### SUPPLIED INFORMATION
══════════
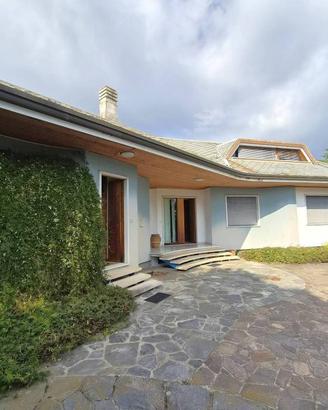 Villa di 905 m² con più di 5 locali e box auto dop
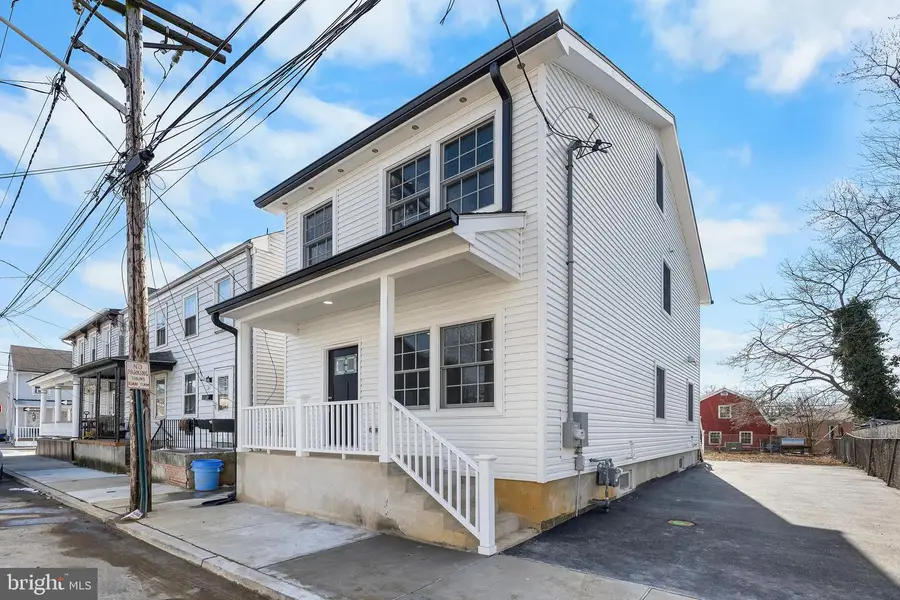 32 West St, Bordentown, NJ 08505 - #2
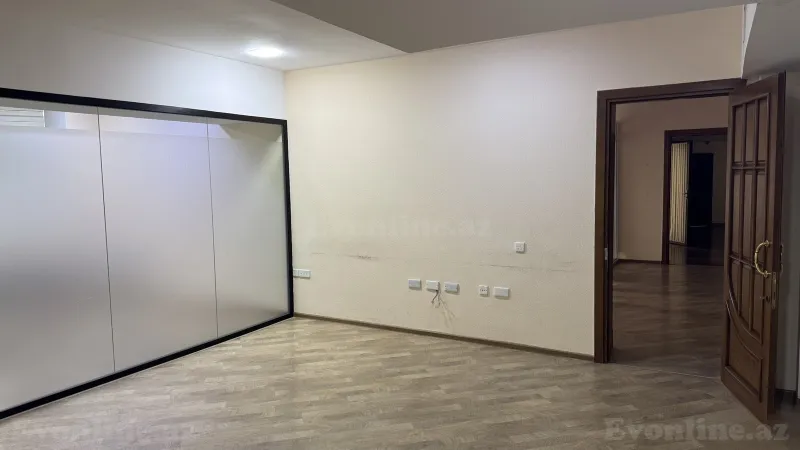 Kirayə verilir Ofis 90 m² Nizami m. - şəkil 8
══════════
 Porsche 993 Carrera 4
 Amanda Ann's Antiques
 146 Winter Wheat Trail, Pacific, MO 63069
══════════
Out of the records above, return only the lines from the one with "Villa di 905" through the one with "Kirayə verilir Ofis", exactly, and none of the pictures.

### SOLUTION TO THIS TASK
 Villa di 905 m² con più di 5 locali e box auto dop
 32 West St, Bordentown, NJ 08505 - #2
 Kirayə verilir Ofis 90 m² Nizami m. - şəkil 8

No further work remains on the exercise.